Why did Ben Bernanke change his views?
Ben Bernanke was a monetary dove. He had studied monetary economics for decades. He had argued repeatedly for extraordinary measures if an economy was facing deflation. By all rights he should have been a force for easy money at the Fed. Indeed, in his early days he was labeled “Helicopter Ben,” in reference to a speech he once gave about shoveling money into the economy from a helicopter. But as Fed Chair he has been cautious, perhaps even a bit restrictive. Why?
One possibility is group-think. Group-think happens when a cohesive group view dominates the views of any one individual. People with nonconformist opinions self-censor because they may value group harmony and may want to avoid isolating themselves. It has been linked to unfortunate political and economic decisions, like the Watergate coverup or the introduction of the Edsel.
Under Alan Greenspan the Fed was dominated by the Chairman and his views. He had spent a lifetime mastering the micro-economic minutia of monetary policy, and he could be intimidating. Alan Blinder, who served on the Board of Governors from 1994 to 1996 commented how the governors were frequently offered a highly limited menu of policy options: the staff recommendation only.
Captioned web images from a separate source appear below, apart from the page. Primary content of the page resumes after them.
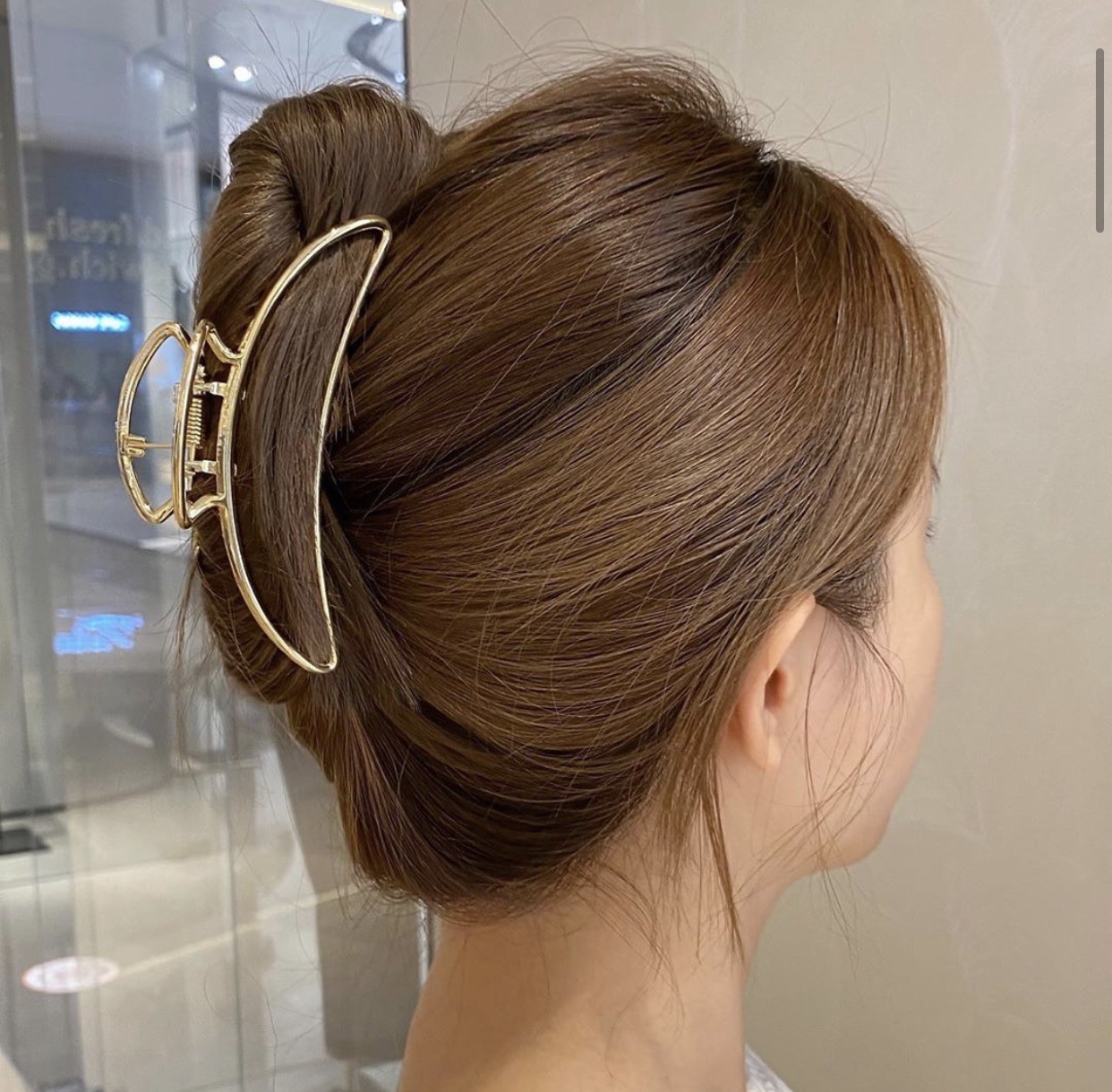 Cold style temperament hair large metal grip clip color plating sweet fairy hair grip Korean style ins female hair accessories_voghion.com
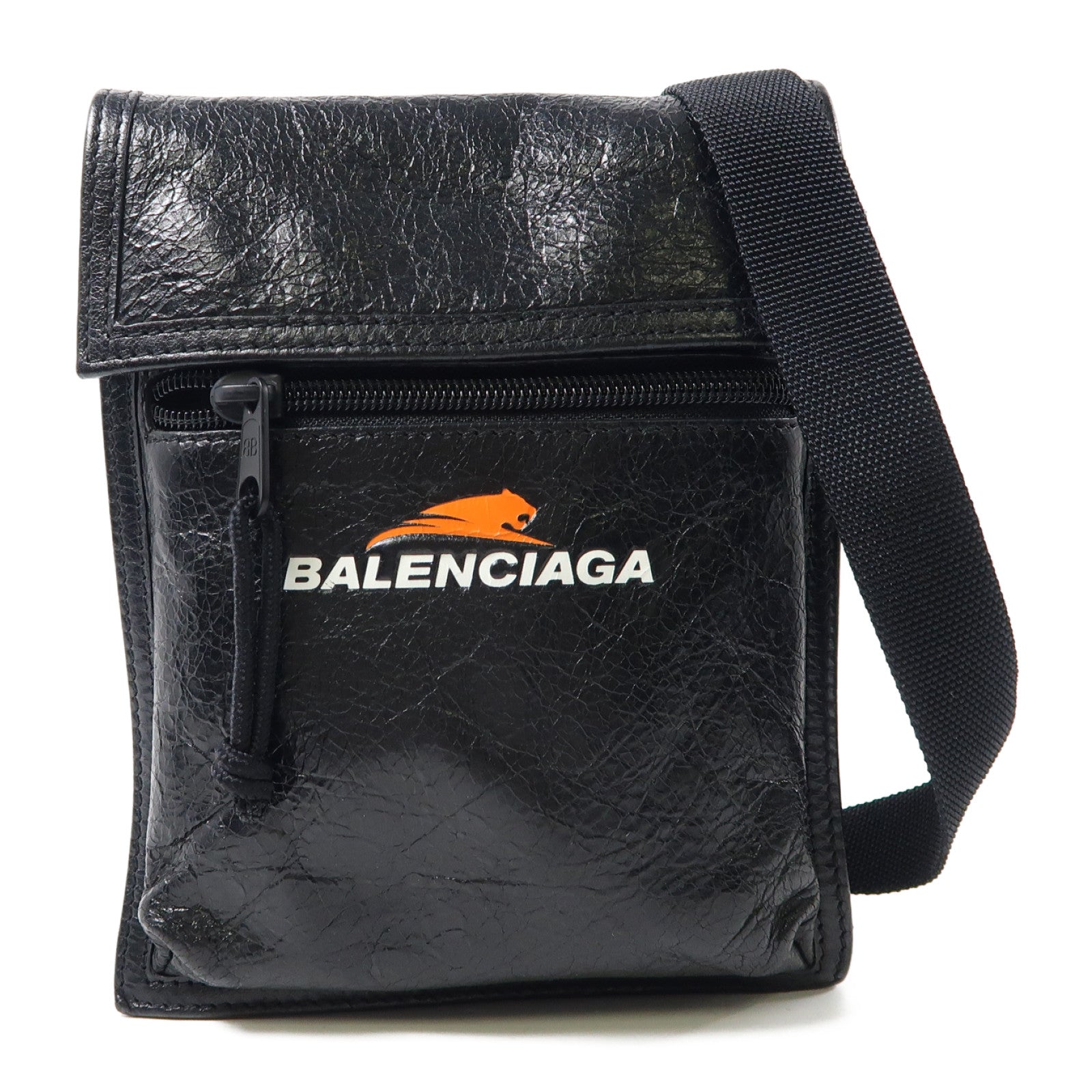 BALENCIAGA 牛皮皮革Shoulder Bag肩背袋黑色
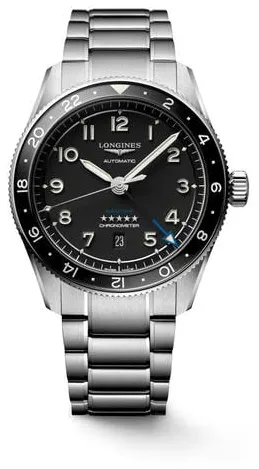 Longines Spirit L3.812.4.53.6 42mm Black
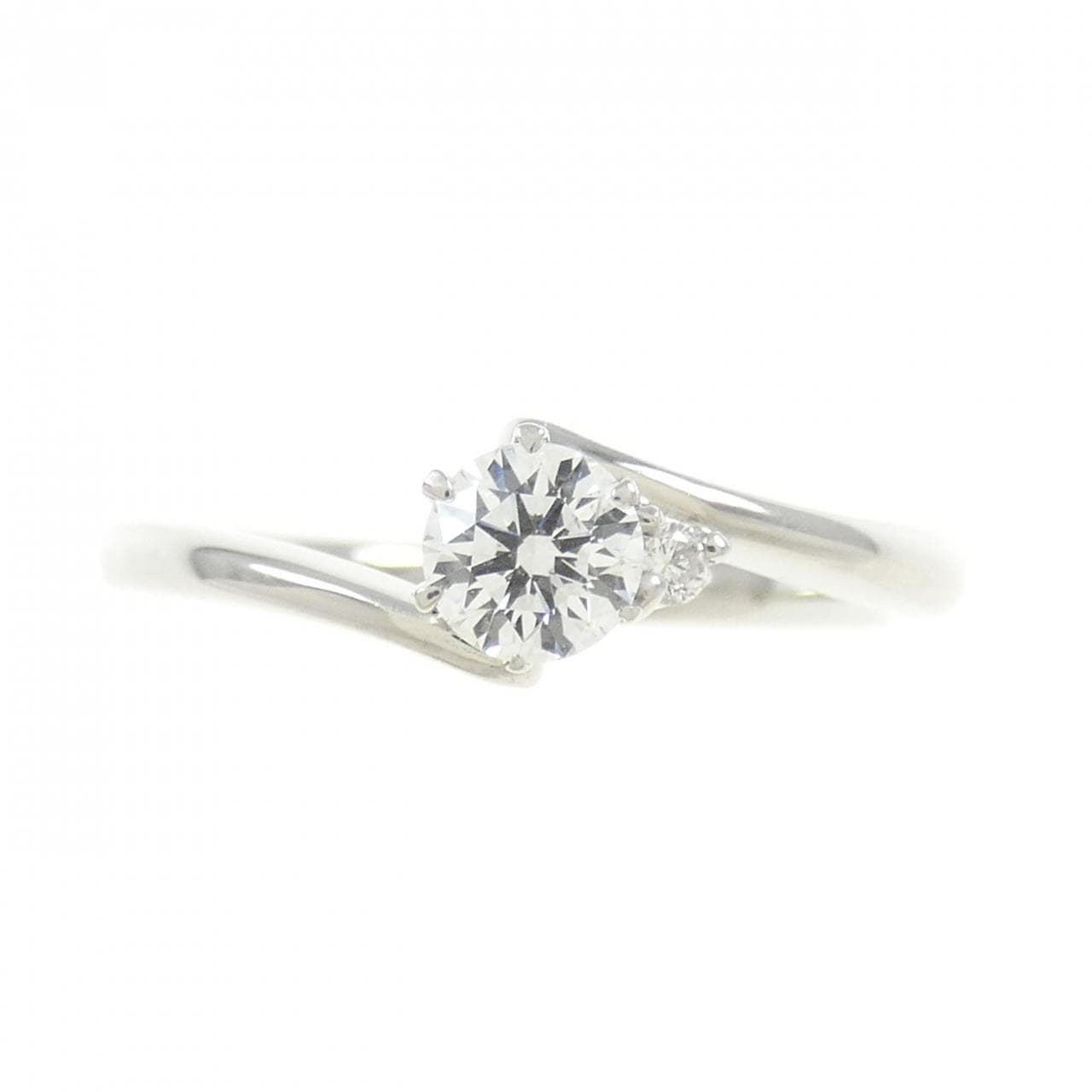 PT900 ダイヤモンド リング 0.255CT E VS2 VG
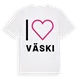 Jag älskar Väski t-shirt stort tryck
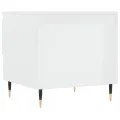 Table basse blanc brillant 50x46x50 cm bois d’ingénierie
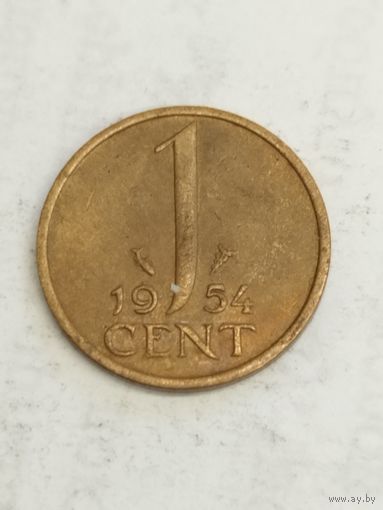 Нидерланды 1 цент 1954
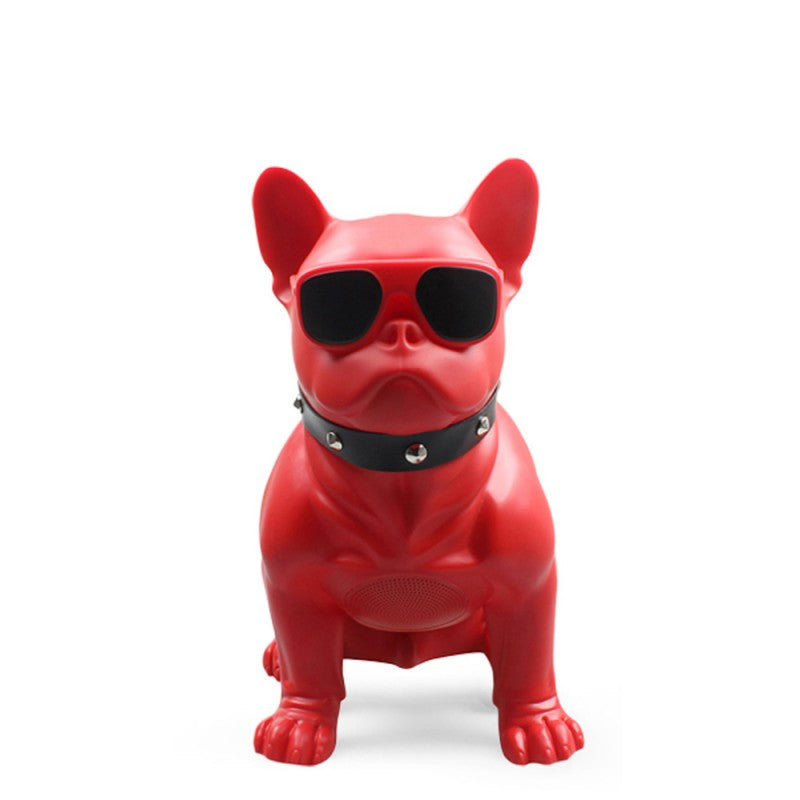 Φορητό ασύρματο ηχείο Bluetooth/USB/AUX/Micro SD σε σχήμα Bulldog Κόκκινο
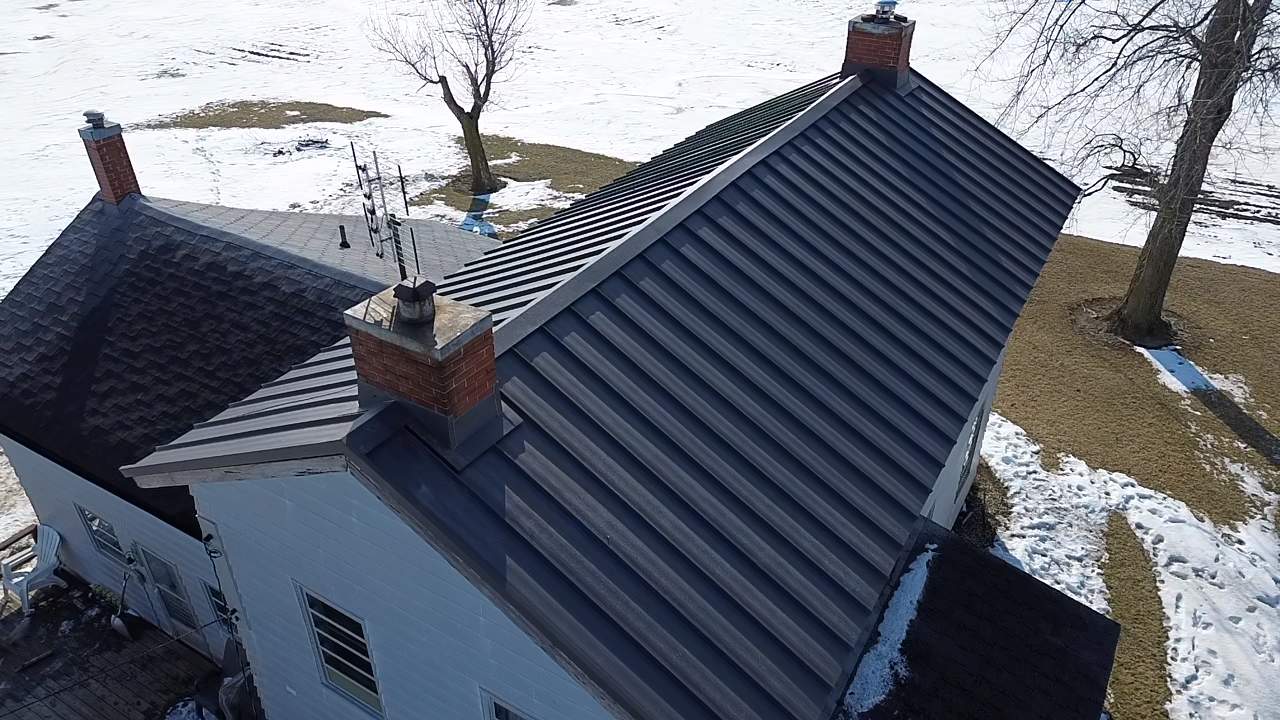 Mechanically Seamed Standing Seam Metal Roof in LaFontaine, Indiana Farmhouse Renovation by 4Ever Metal Roofing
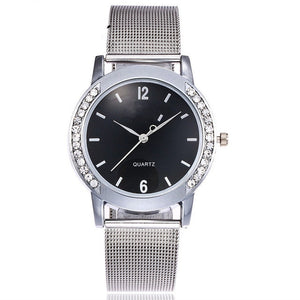 Relojes de lujo para Mujer, Reloj de cristal de acero de oro, Reloj de moda para Mujer, relojes para Mujer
Under such conditions it would be the rare individual who went against the group’s consensus. Indeed, Greenspan’s Fed rarely saw dissenting votes, and never more than two. It’s common, at times like these, for members to stay quiet when they doubted the majority view. Disagreement would threaten the group’s amiability—and people like to like the people they work with.
But the Fed isn’t a social club; it’s a critical institution responsible for U.S. monetary policy. Going along with the crowd may be acceptable or even admirable when relationships are at state. But national policy deserves a prominent, public debate. Anything less could be disastrous.